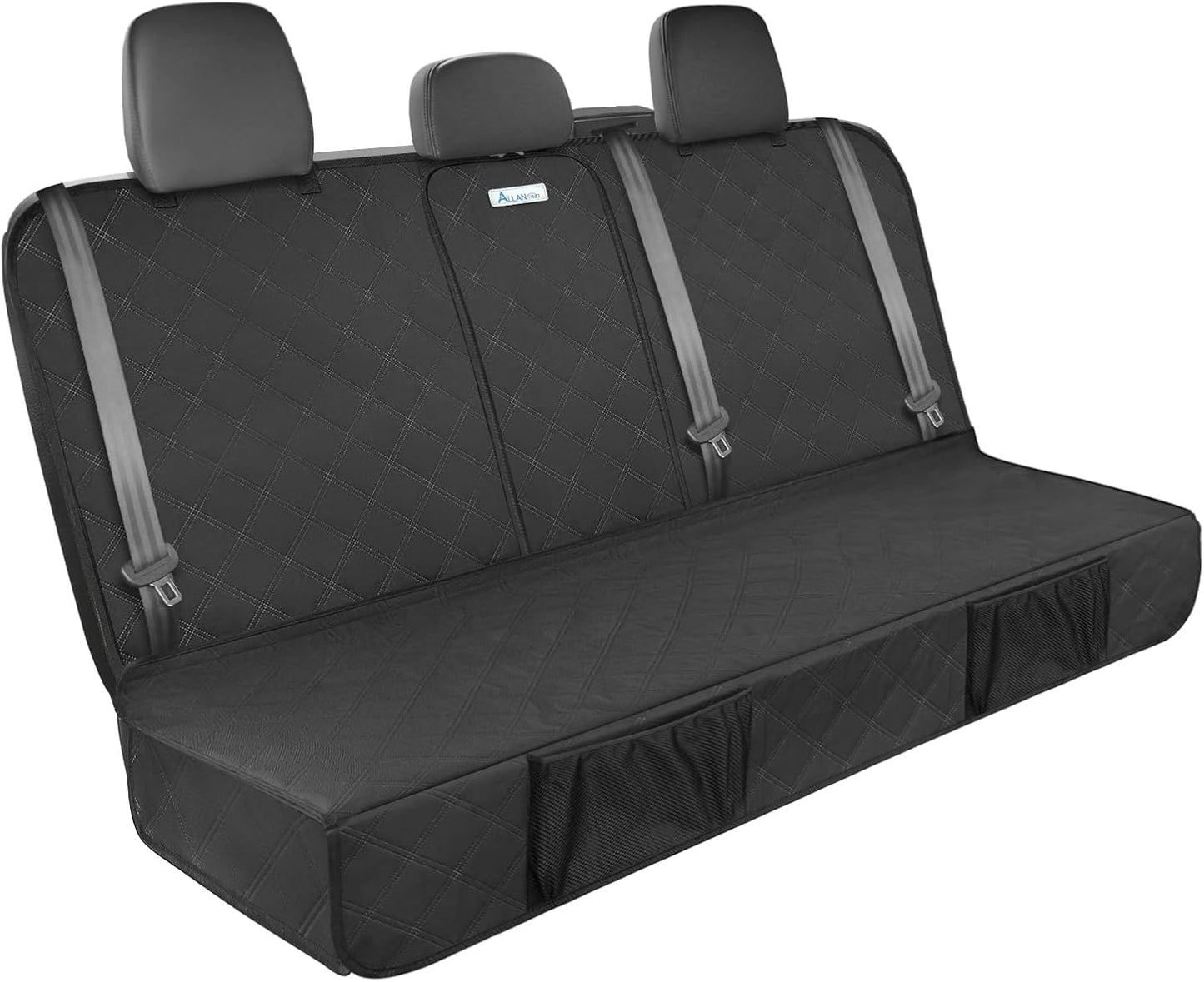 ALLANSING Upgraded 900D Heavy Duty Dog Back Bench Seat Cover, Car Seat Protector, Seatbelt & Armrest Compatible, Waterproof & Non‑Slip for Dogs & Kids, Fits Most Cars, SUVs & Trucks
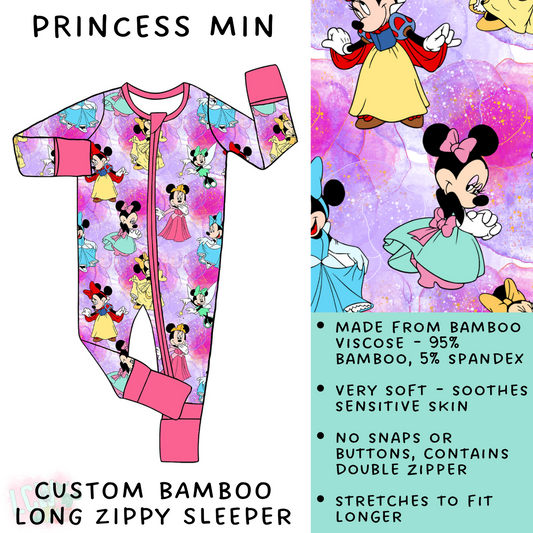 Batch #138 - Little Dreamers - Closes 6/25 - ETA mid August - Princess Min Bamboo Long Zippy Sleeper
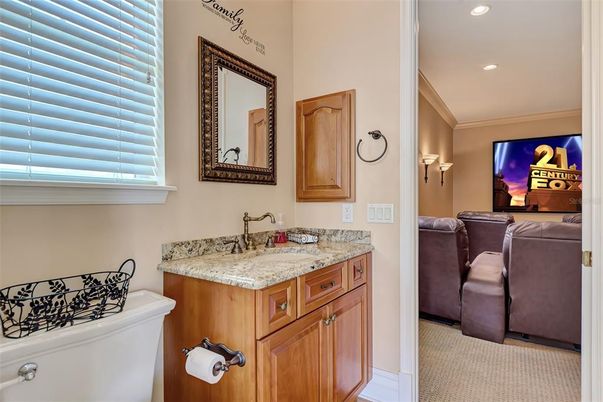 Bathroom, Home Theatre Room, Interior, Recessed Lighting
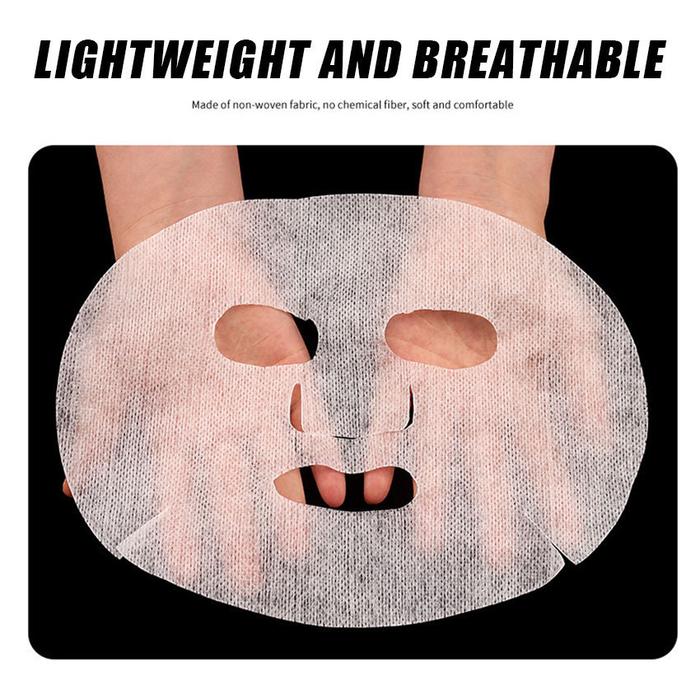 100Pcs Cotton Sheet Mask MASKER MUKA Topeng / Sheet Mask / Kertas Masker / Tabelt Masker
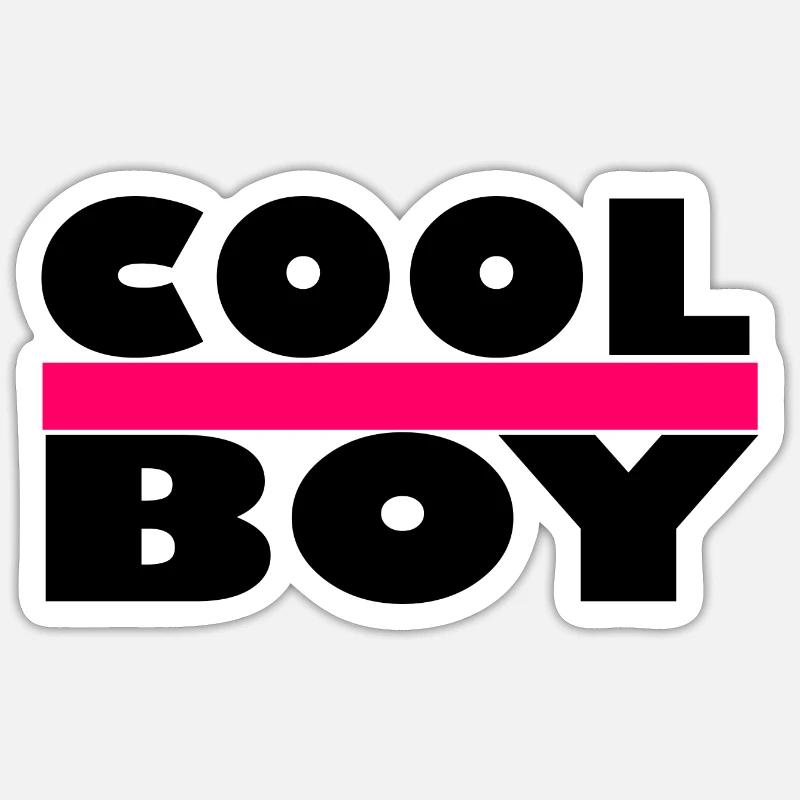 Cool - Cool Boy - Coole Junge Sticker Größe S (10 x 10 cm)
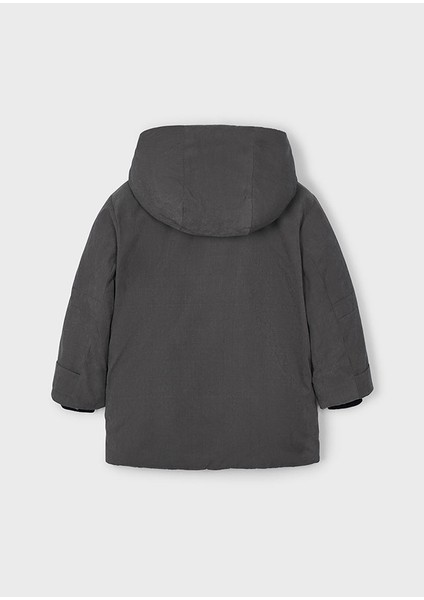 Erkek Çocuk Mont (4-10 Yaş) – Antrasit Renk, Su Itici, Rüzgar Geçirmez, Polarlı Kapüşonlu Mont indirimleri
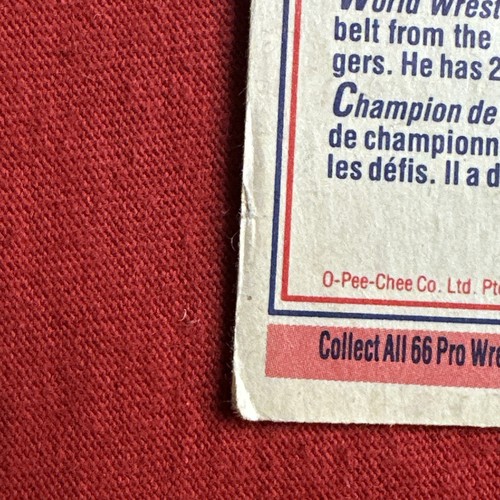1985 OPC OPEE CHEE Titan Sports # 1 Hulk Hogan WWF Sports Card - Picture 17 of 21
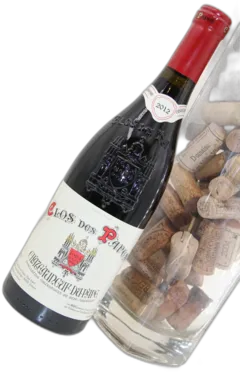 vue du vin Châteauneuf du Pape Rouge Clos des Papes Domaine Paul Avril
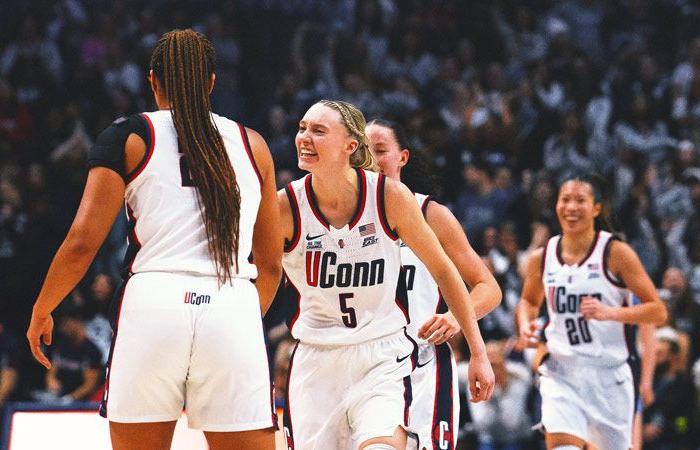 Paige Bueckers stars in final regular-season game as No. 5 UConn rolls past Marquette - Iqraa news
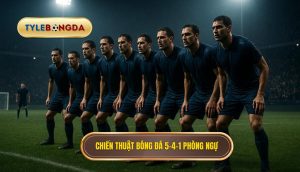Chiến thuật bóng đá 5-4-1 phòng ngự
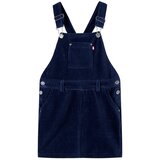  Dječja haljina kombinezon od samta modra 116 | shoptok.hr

^^^^

Your answer must be only the lines from the one that holds "1985 OPC OPEE" to the end of the listing, each restated word for word, with both ends kept and pictures left out.

1985 OPC OPEE CHEE Titan Sports # 1 Hulk Hogan WWF Sports Card - Picture 17 of 21
 vue du vin Châteauneuf du Pape Rouge Clos des Papes Domaine Paul Avril
 Paige Bueckers stars in final regular-season game as No. 5 UConn rolls past Marquette - Iqraa news
Chiến thuật bóng đá 5-4-1 phòng ngự
  Dječja haljina kombinezon od samta modra 116 | shoptok.hr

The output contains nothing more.